**Action item:** The required answer is a copy of each line in the entries below that includes "sale".

**The data:**
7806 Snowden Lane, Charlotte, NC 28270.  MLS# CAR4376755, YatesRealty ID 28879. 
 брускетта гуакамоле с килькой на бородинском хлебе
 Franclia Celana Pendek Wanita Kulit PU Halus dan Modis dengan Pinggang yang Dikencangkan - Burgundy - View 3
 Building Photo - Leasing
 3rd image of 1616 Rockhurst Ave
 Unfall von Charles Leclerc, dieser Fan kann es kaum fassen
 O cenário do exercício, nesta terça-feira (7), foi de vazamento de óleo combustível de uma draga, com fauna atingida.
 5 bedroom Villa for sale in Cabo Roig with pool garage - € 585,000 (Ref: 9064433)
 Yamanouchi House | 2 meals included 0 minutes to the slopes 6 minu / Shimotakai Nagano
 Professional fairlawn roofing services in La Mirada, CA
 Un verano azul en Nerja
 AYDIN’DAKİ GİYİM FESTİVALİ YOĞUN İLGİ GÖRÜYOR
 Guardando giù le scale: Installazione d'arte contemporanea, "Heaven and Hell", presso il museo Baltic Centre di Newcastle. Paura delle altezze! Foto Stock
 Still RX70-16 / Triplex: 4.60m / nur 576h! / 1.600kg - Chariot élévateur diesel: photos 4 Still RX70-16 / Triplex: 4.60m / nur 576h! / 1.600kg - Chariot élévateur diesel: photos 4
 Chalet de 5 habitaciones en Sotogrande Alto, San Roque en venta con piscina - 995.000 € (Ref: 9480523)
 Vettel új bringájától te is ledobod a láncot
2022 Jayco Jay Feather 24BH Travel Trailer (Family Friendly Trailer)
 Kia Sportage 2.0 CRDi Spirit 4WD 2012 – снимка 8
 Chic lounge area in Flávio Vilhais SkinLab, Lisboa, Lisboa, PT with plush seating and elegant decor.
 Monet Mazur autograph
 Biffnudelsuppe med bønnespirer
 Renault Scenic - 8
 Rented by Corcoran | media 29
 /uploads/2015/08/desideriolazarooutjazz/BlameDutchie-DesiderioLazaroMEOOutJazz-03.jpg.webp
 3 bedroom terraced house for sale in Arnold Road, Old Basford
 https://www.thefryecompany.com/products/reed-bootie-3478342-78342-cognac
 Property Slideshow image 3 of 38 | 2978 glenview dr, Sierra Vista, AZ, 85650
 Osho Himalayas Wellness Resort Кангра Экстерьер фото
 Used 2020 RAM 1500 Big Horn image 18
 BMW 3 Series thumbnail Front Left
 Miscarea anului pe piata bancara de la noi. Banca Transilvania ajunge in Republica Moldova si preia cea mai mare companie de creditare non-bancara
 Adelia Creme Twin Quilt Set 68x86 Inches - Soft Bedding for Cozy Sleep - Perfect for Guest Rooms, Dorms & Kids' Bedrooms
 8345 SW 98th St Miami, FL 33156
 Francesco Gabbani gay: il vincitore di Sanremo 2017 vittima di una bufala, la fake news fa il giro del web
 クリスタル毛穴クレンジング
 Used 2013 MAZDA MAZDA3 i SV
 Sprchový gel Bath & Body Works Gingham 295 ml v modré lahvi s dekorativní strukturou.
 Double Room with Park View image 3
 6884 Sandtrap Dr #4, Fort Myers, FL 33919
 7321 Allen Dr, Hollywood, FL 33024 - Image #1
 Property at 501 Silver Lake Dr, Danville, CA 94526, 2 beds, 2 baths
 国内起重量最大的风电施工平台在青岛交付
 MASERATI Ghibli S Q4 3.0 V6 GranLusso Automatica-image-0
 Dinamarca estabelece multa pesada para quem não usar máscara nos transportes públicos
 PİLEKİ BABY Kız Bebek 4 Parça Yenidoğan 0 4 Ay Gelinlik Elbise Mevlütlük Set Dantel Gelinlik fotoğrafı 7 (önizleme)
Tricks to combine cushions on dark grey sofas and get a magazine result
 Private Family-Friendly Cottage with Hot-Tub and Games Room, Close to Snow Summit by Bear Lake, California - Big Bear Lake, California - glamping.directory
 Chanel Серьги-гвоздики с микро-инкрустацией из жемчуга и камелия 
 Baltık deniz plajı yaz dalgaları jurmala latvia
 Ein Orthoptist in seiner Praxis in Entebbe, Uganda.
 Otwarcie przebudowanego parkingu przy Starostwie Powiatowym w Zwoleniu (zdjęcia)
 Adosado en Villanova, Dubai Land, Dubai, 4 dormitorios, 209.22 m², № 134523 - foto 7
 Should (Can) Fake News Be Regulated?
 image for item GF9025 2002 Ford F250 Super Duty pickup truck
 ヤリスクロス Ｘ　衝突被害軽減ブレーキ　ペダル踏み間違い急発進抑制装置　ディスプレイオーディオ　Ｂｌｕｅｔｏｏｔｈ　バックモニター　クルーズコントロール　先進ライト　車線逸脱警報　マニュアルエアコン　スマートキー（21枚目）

**Response box:**
 5 bedroom Villa for sale in Cabo Roig with pool garage - € 585,000 (Ref: 9064433)
 3 bedroom terraced house for sale in Arnold Road, Old Basford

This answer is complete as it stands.